NBC has had a checkered past when it comes to adapting UK shows. While The Office has become one of their biggest hits, shows like Coupling crashed and burned. Still, it seems to be a well that the network is happy to continue to draw from, as this season they've done it twice (the adaptation of Prime Suspect premieres next week). Unlike a lot of these transplants, Free Agents allows itself some liberties, rather than copying the original pilot beat-for-beat the way the aforementioned sitcoms did. However, the result is still a bit of a mixed bag.
The show follows Alex (Hank Azaria) and Helen (Kathryn Hahn), co-workers at a corporate PR firm. Alex is recently divorced and devastated by the inability to spend time with his children and prone to random bouts of crying whenever he thinks about it. Helen's fiancé passed away suddenly nearly a year ago, but her house is still wallpapered with giant photos of him. Both have been left broken by the demise of these relationships and end up sleeping together in a moment of weakness. Afterwards, Alex begins following Helen around like a lost puppy, hoping to repeat the event, while she tries to shake him, convinced he's far too damaged for her.
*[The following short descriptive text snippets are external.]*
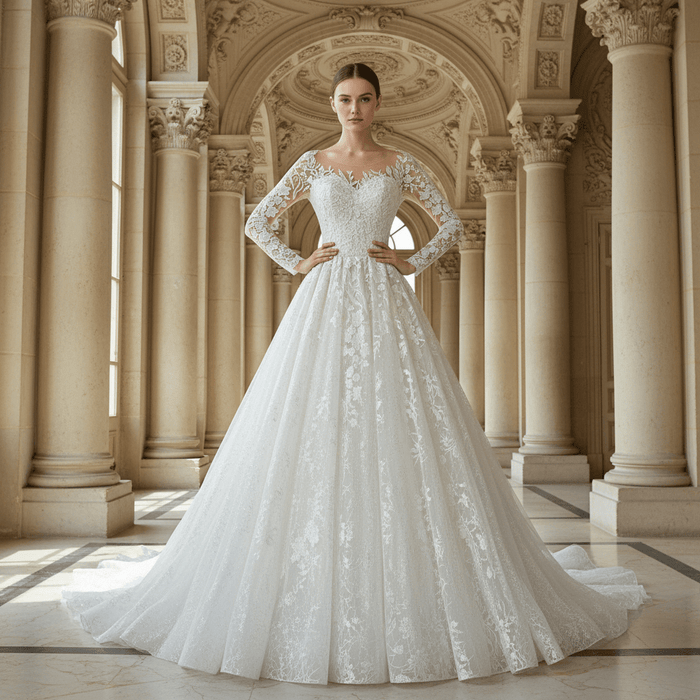 Princess Lace Ball Gown Wedding Dress Illusion Long Sleeve - Rosymae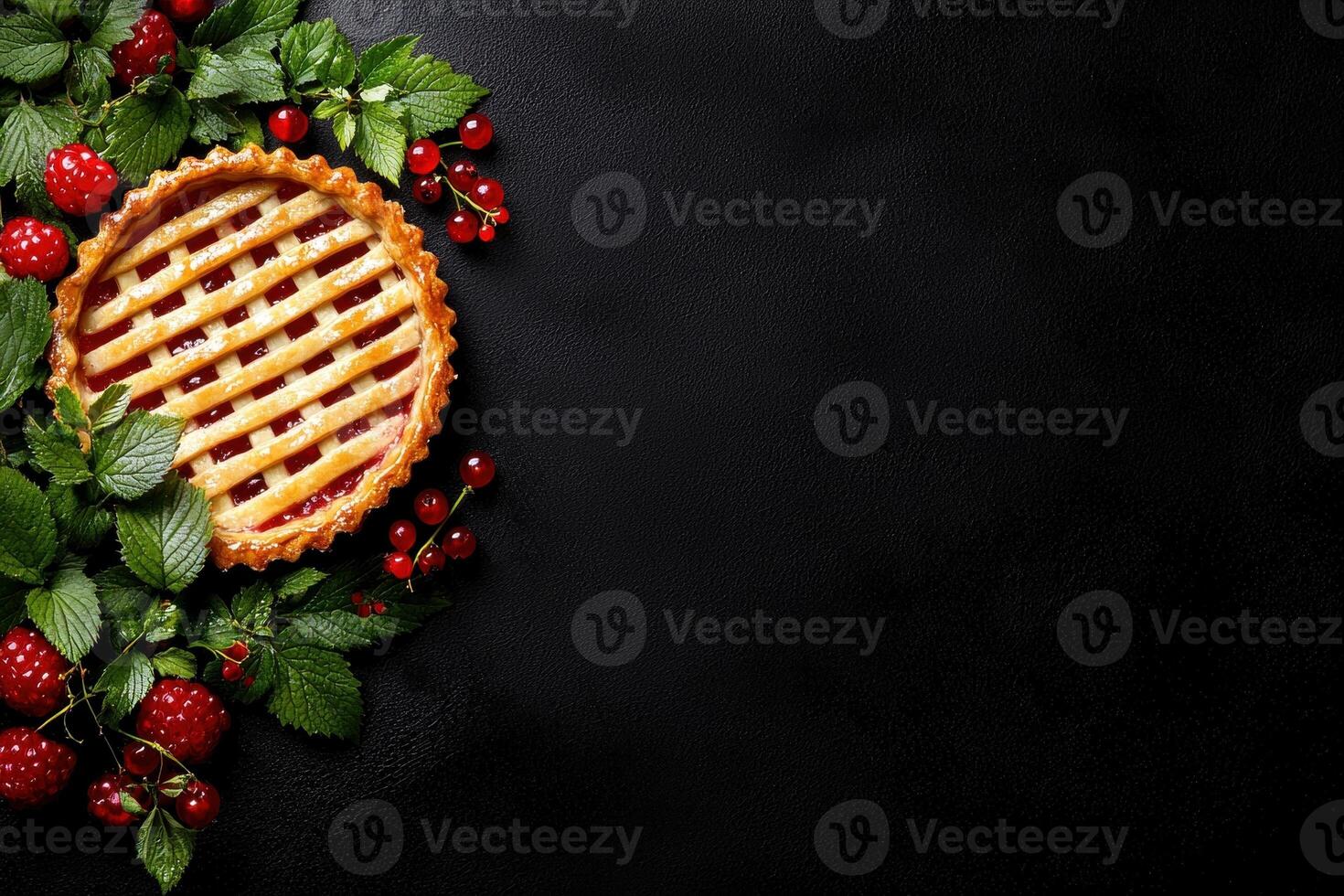 Delicious raspberry pie with lattice crust, surrounded by fresh raspberries and red currants photo
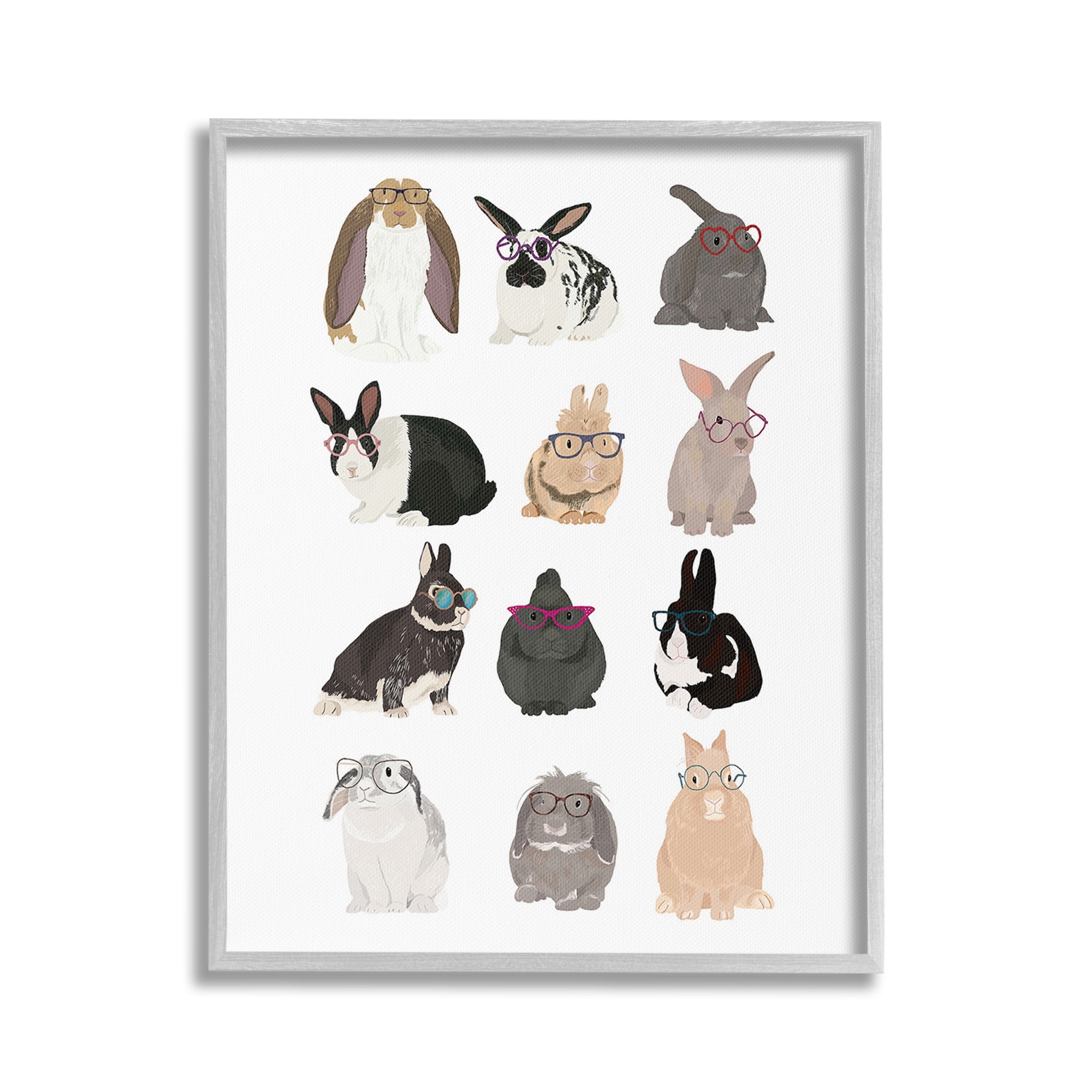 Stupell Industries Varied Hipster Bunnies Animals & Insects Painting Gray Framed Art Print Wall Art, 16 x 20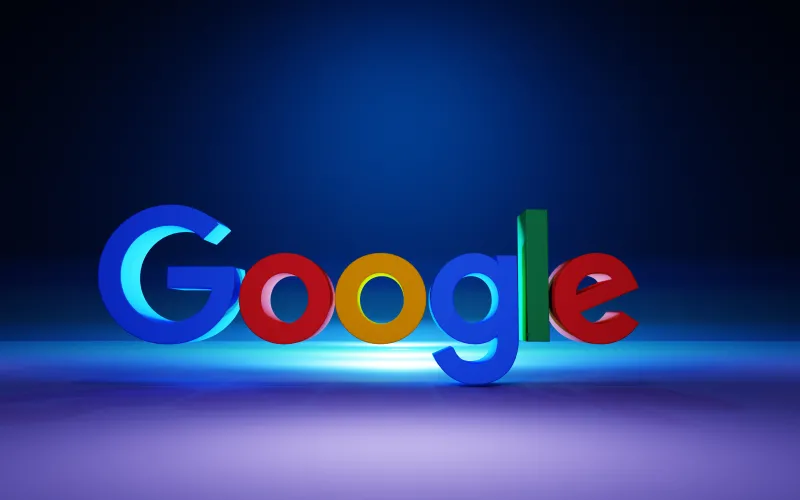 Google, Blue background, 3D Art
Free Agents benefits from a stellar cast. Azaria and Hahn are joined by Anthony Head (Buffy the Vampire Slayer), reprising his role from the original show as their incredibly crass and inappropriate boss. The ensemble is further filled out by comic actors Mo Mandel (Love Bites), Al Madrigal (The Daily Show), Joe Lo Truglio (Reno 911!) and Natasha Leggero (Ugly Americans), some of whom fair better in the pilot than others. Their strength and the track record of creator John Enbom (Party Down), makes it easier to ignore the show's weaker elements. The sitcom's biggest failing is that it's a bit of a tonal mess. While, as a whole, it aspires toward a broader brand of comedy, Azaria's Alex feels like he's stepped off the set of a ten-tissue drama. While Alex still manages to garner some funny moments in the midst of his depression (a case of spontaneous tears in an elevator is particularly amusing), he seems like he's on a completely different wavelength than the rest of the show. Given some time, hopefully he'll integrate with the ensemble a little better. Still, despite its flaws, Free Agents manages to deliver some decent laughs and is worth a try.
Free Agents premiers Wednesday 9:30pm on NBC, it will air regularly Wednesdays 8:30pm.